Министерство Внутренних дел, – при фон Плеве, – должно было вступить в смертный бой, чтоб его не съело, не съело его власти и первенствующего значения Министерство Финансов.
Министерство Путей Сообщения, казалось, совсем перестало существовать. Все его вопросы решались в Министерстве Финансов.
Министерство Земледелия устранили даже в ту минуту, когда нужно было решать вопрос:
– Как поднять земледелие?
– Наши плательщики! – заявили в Министерстве Финансов. – Мы их участью и займёмся.
Бедное Министерство Просвещения, – уж и так тощее! – в один прекрасный день проснулось с отъеденным боком.
– Профессиональные школы – наше дело.
Какая гимназия не станет «профессиональной школой», если при ней открыть курсы выпиливания по ореховому дереву?
Продолжай дела идти тем ходом, каким они шли, и не встреться на пути железной преграды, – фон Плеве, – Министерство Финансов забрало бы под себя всё, и всё просто, естественно кончилось бы тем же, к чему пришло сейчас.
Министр Финансов С. Ю. Витте неизбежно сделался бы премьер-министром.
Но только настоящим.
Главою однородного министерства, которое писало бы свои бумаги под его диктант.
Среди всех завоеваний, которые успел сделать С. Ю. Витте, когда он был на своём месте и в своей роли, – самое трудное было, конечно, завоевание самой осмысленной и живой силы в стране:
– Общества, интеллигенции.
Вы помните ахи и охи, и стоны, и вопли, что интеллигенция бежала на службу к Министерству Финансов.
Адвокаты, судьи, доктора кидают своё дело.
– Учителя в акциз!
Эти причитанье:
– Жалованья соблазнили!
Заключение обидное.

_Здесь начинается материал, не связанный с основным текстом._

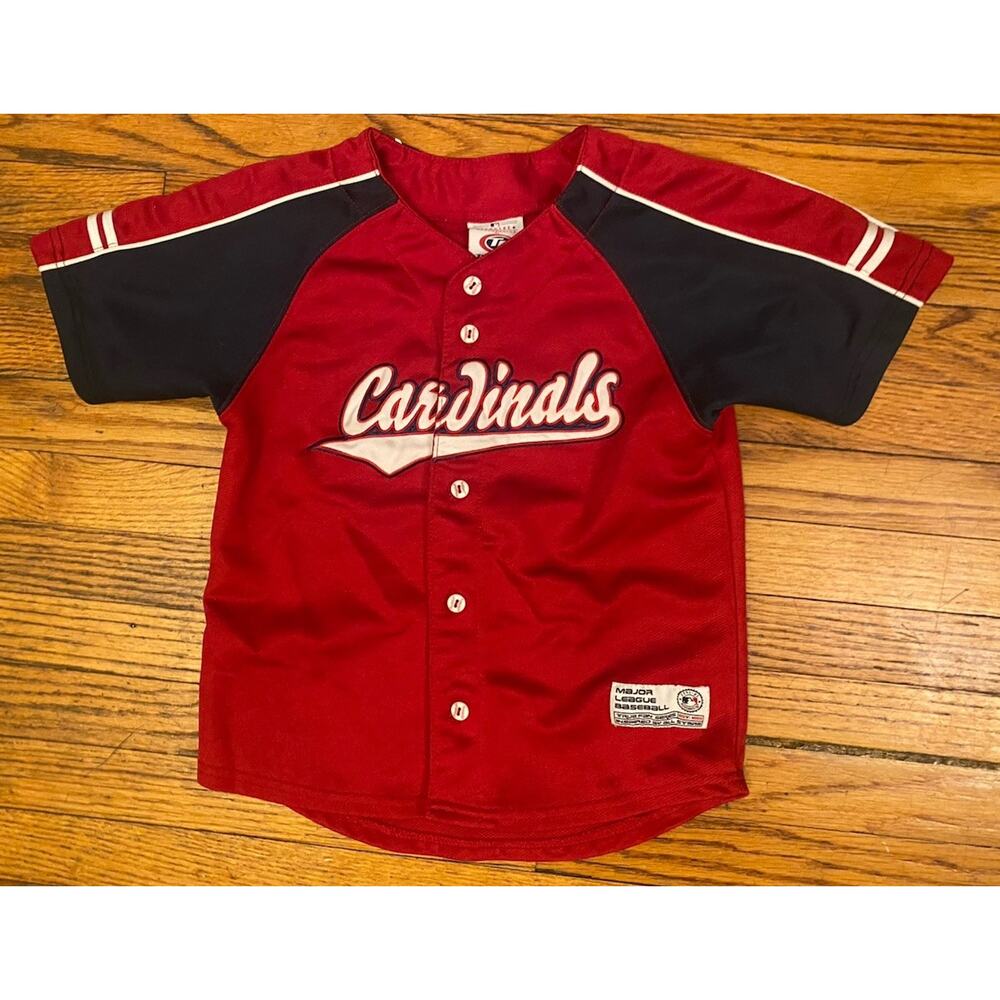 True Fan St Louis Cardinals Jersey Boys Shirt Size 7 Red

Но мало продуманное.
Не одно жалованье играло тут роль.
Мне пришлось тогда беседовать с одним учителем, пошедшим в акциз.
– Из учителей в монополию. Согласитесь, – звучит странно…

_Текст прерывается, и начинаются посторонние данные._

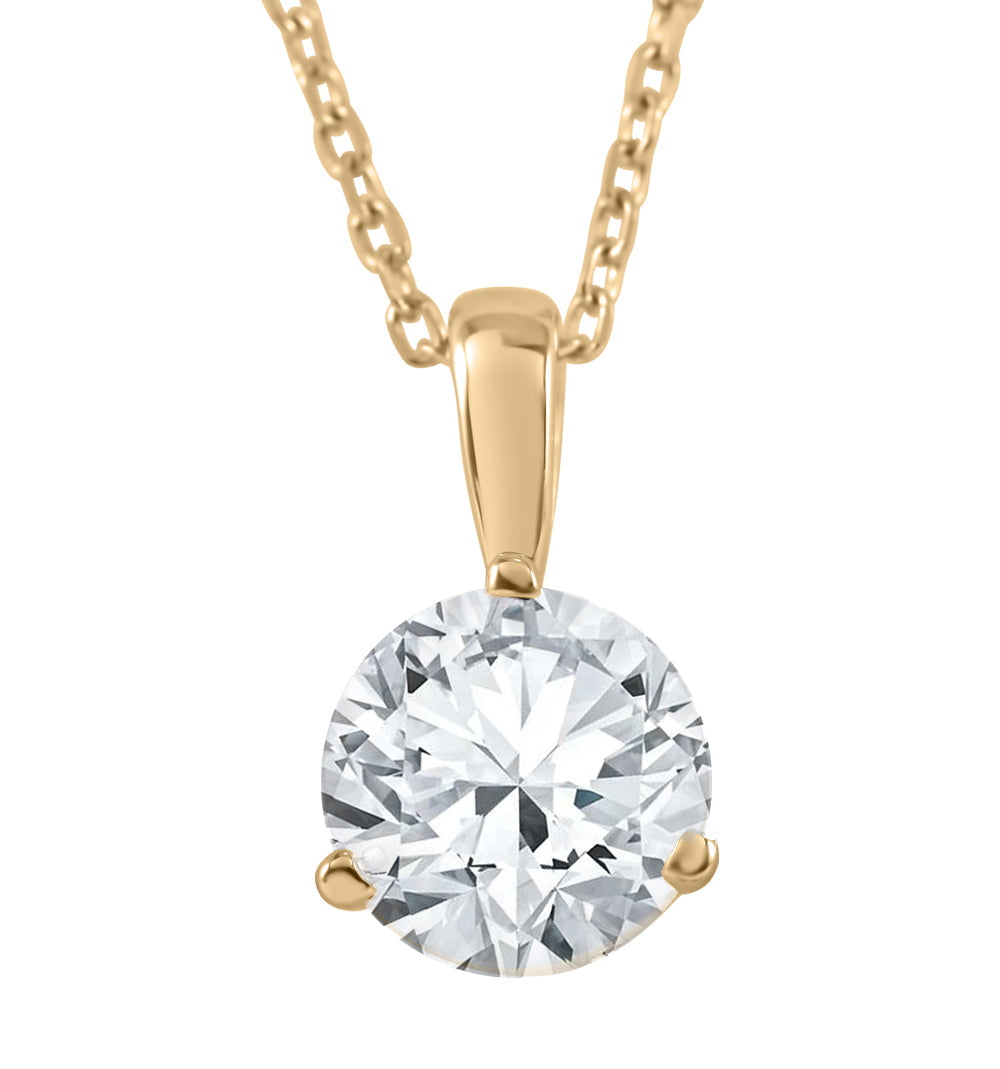 1/2 ct Solitaire Lab Grown Diamond Pendant available in 14K and Platinum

– Конечно! Конечно! Сохранить крестьянину половину здоровья. Спасти его от сивухи, настоянной кабатчиком на табачных листьях «для крепости», – от этого ужасного пойла, которым отравляется страна. Спасти его от этого отравления сивушным маслом, которое отнимает у него, по меньшей мере, полсотни рабочих дней в год, лишая его возможности работать и на другой день, «с похмелья». Спасти его от яда, который фатально делает из него затяжного пьяницу. Пили вы когда-нибудь водку, которую пьют у нас в деревне? Если да, вы поймёте, что значит освободить человека от этого яда. Уничтожить в деревне «институт», который её губит, разоряет, развращает, который её доводит до какого-то скотского состояния – кабак. Избавить деревню, мирской сход, крестьянское хозяйство, общественные дела от самого мерзкого влияния, избавить деревню от её язвы, позора, несчастия, – от кабатчика. Конечно, всё это ничтожное дело! Ничтожное, в сравнении с народным учительством, где я, всё равно, ничего не могу сделать, потому что мне ничего не дают делать. Там красивое имя и невольное бездействие, от которого слезами давишься, – здесь некрасивая кличка «акцизник», но живое дело. Дело оздоровления деревни. Раскрепощение пахаря от кабака.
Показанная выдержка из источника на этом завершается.